TUCSON, Ariz. (KOLD News 13) - The City of Tucson is looking for help in deciding what area’s will be included in their second phase of ‘Slow Streets.'
The program was started in response to the COVID-19 pandemic. The Department of Transportation and Mobility (DTM) piloted Tucson Slow Streets, an initiative to reconfigure streets to support social distancing and encourage physical activity.
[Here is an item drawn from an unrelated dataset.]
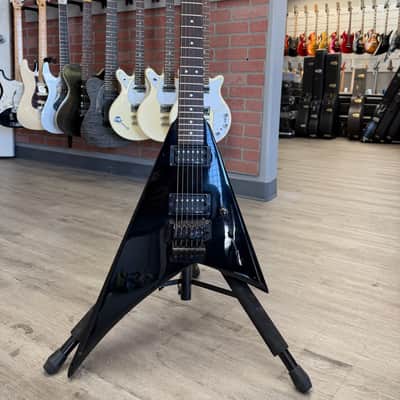 *90s MIJ* Jackson Rhoads EX RRV image 2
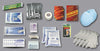 EMI 482 Weather Alert Survival Kit (Refill Kit)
The Slow Streets program temporarily closes certain streets to all but local traffic, giving Tucsonans more space to safely walk, bike, and run.
Slow Streets are neighborhood streets, temporarily limited to local traffic only through barricades, cones, and signs that:
- Provide space for safe physical activity, transportation, and recreation (walking, wheelchair rolling, jogging, biking, and playing) in the street.
- Encourage people driving to use alternate routes, only using Slow Streets when necessary to reach a final destination.
- Urge people driving to drive slowly and safely, and look out for people sharing the street.
- Do not impact emergency vehicle access in any way.
Especially now, Slow Streets help meet the needs of Tucsonans to keep recreating and moving in a safe manner during the COVID-19 pandemic, while staying at least 6-feet apart.
Slow Streets are NOT:
- Closed streets - local residents, emergency vehicles, environmental services, and delivery vehicles can use them to get in and out of neighborhoods. Cut-through traffic is discouraged from using these streets.
- Gathering places – At this time, due to public health precautions associated with COVID-19, Slow Streets are not meant to be places for gathering in large groups or socializing. While using Slow Streets, people should follow current public health guidance (Pima County Health Department)
From May-June, 2020, Tucson’s program was piloted in three neighborhoods: Feldman’s, Barrio Sin Nombre, and Fairgrounds. Segments were implemented on a rotating basis, with each installation in place 10-14 days.
Staff and volunteers evaluated the success of the program, made adjustments as necessary, and explored opportunities to expand the reach of Slow Streets in Tucson.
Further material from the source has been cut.